PROBLEM REQUIREMENTS: Write again exactly the lines in the listing below, starting at the line with "Les Sardines Polo" and ending at the line with "Multi Collagen Powder", both included. Pictures are not copied.

RECORDS PROVIDED:
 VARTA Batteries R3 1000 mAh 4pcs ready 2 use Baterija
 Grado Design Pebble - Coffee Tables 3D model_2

* * *

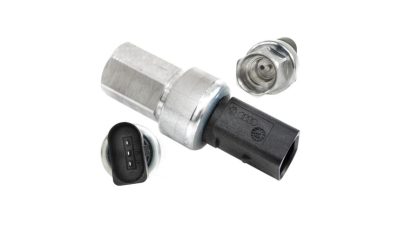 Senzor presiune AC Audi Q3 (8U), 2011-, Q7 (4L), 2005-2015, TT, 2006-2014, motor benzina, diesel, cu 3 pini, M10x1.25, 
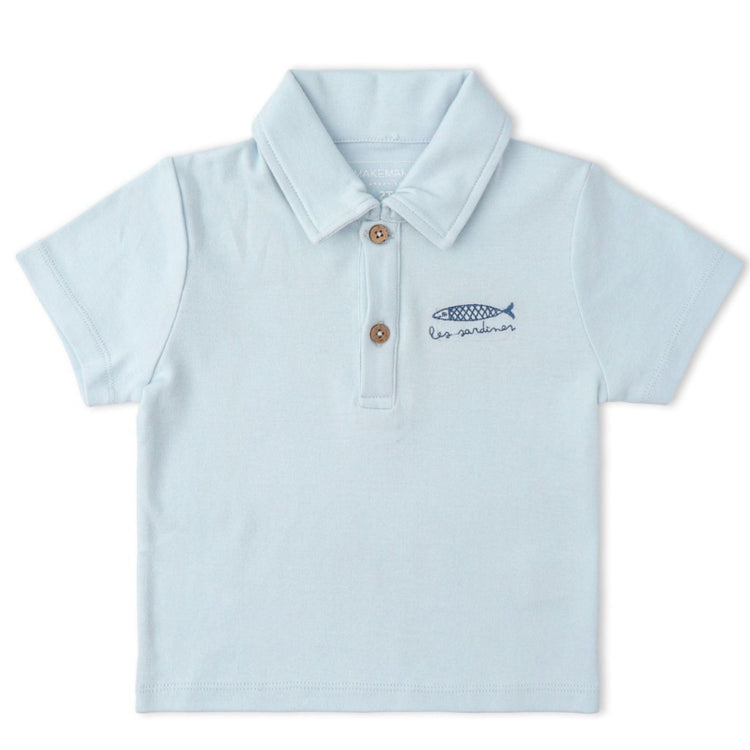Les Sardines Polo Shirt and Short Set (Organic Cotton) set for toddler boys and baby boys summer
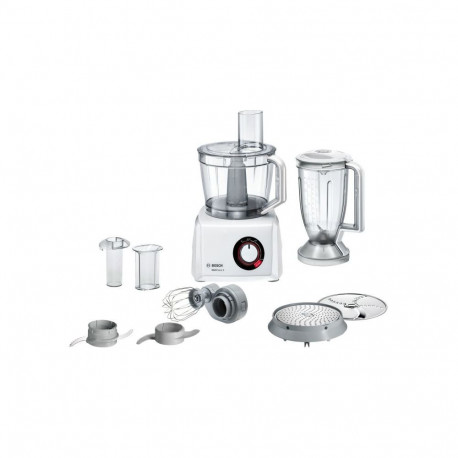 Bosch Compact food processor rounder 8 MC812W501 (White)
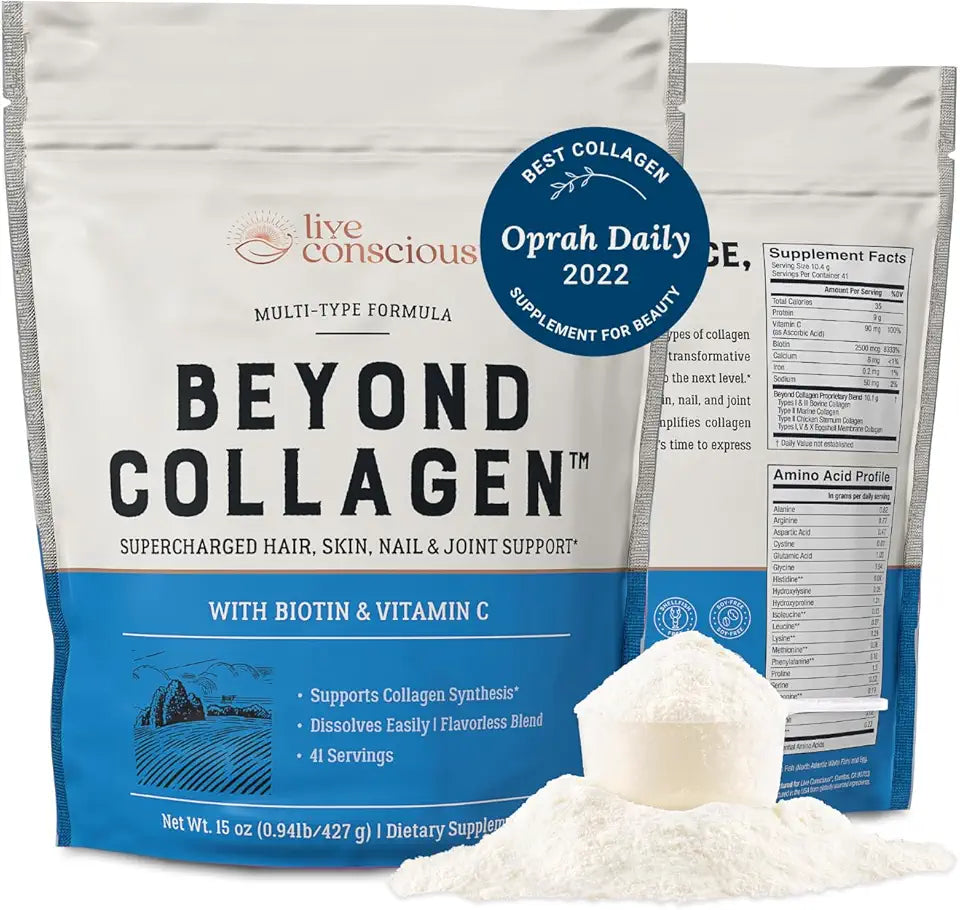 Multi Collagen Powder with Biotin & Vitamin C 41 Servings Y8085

==

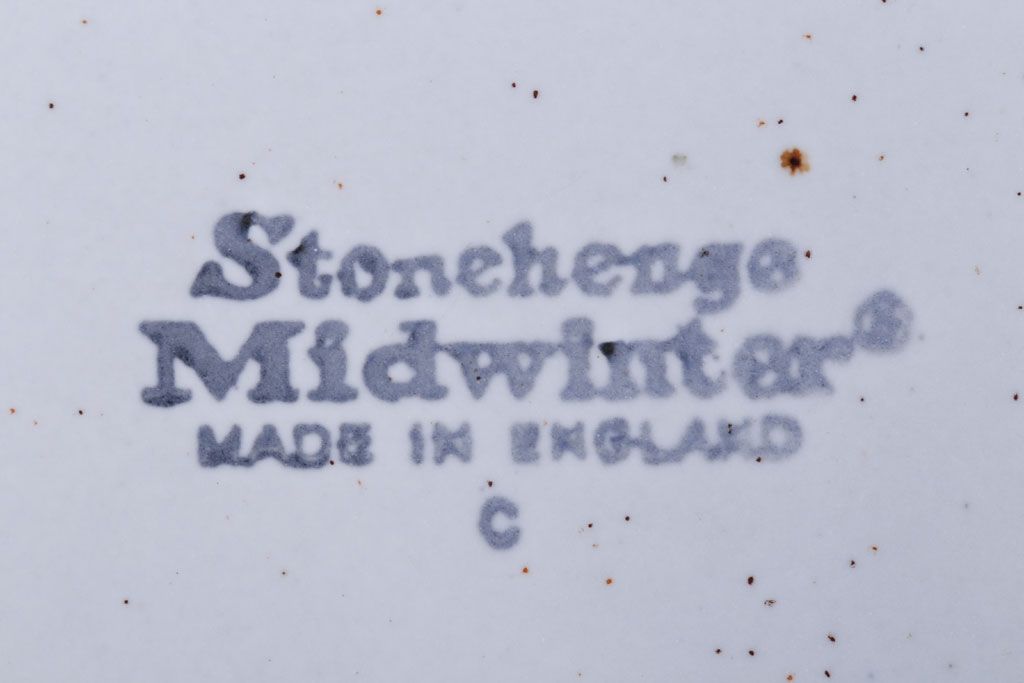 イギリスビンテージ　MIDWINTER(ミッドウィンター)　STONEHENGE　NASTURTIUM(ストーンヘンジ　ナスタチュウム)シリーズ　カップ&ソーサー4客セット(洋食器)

YOUR RESPONSE:
Les Sardines Polo Shirt and Short Set (Organic Cotton) set for toddler boys and baby boys summer
 Bosch Compact food processor rounder 8 MC812W501 (White)
 Multi Collagen Powder with Biotin & Vitamin C 41 Servings Y8085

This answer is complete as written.